WASHINGTON — Republican lawmakers are threatening to cut off U.S. funding for the World Health Organization’s cancer research program over its 2015 finding that glyphosate, the active ingredient in the herbicide Roundup, is probably carcinogenic to humans.
Manufactured by GMO multinational Monsanto, Roundup is the most widely used weed killer on the planet. Sprayed on corn, soybeans, cotton and other crops since the 1970s, it is also widely used on lawns and golf courses. As such, Monsanto has a clear financial interest in the World Health Organization’s cancer research program reversing its scientific finding from 2015 that glyphosate is probably carcinogenic.
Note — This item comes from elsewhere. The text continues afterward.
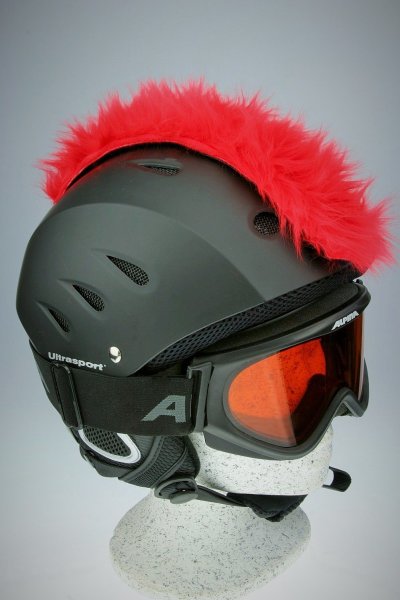 Irokesenkfell f&uuml;r Ski / Snowboard / Fahrrad - Helmaccessoires Rot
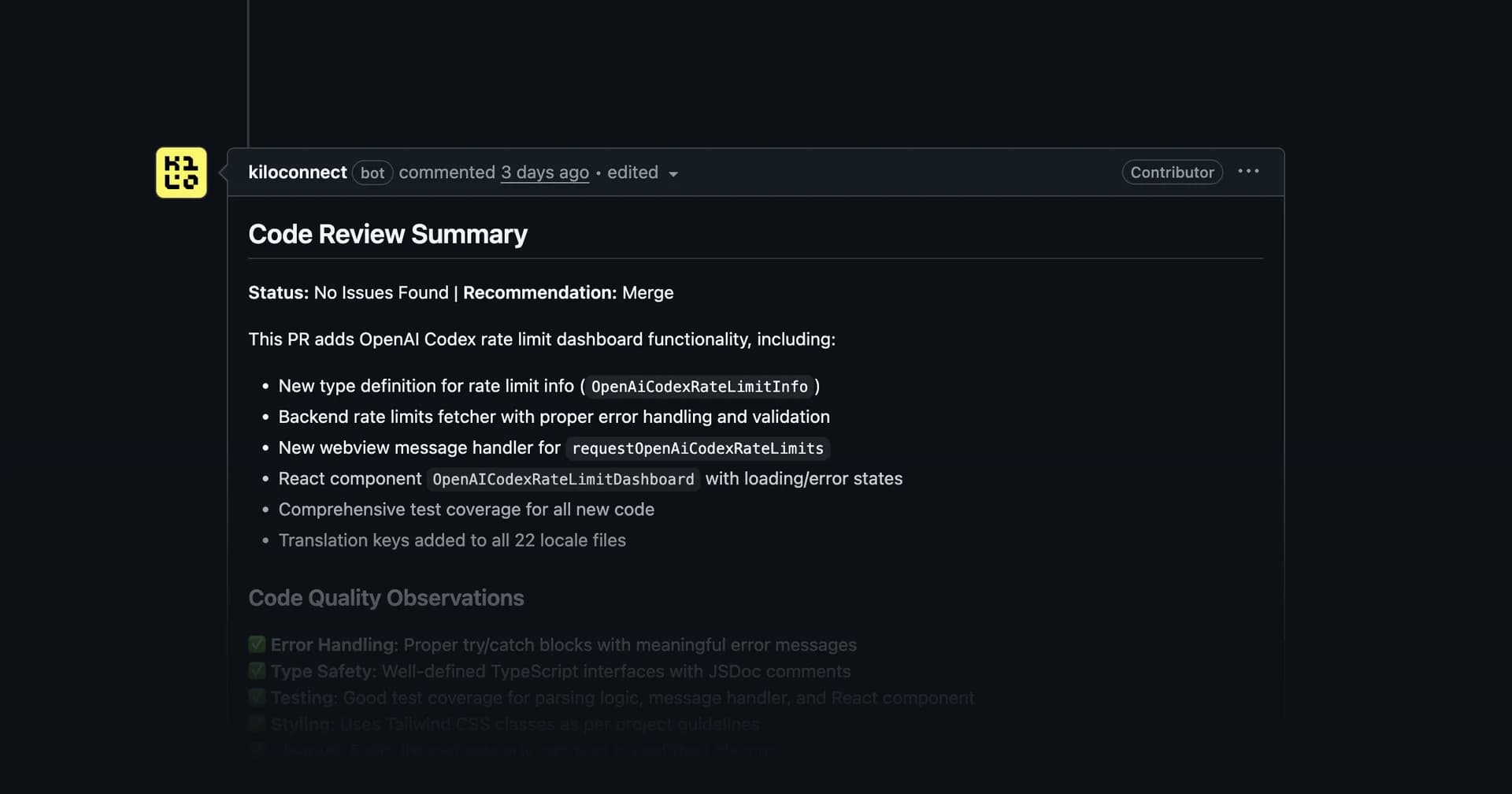 Kilo Code Reviewer screenshot 2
Nevertheless, despite the blatant attempt by U.S. lawmakers to defend Monsanto and ignore the health interests of American citizens, there seems little doubt that, at the international level, the company will eventually be held to account for its actions. In a sign of what may be to come, following a two-day hearing held in the Netherlands in 2016, five international judges publicly accused Monsanto of engaging in “practices which have negatively impacted the right to a healthy environment, the right to food, and the right to health.” In their advisory opinion, they stated that were the crime of ‘Ecocide’ to be recognized in international law, the facts reported to them could fall within the jurisdiction of the International Criminal Court. Calling for the primacy of international human and environmental rights law to be asserted, the judges wrote that “the time is ripe to consider multinational enterprises as subjects of law that could be sued in the case of infringement of fundamental rights.” To learn more about this important international hearing, read this article.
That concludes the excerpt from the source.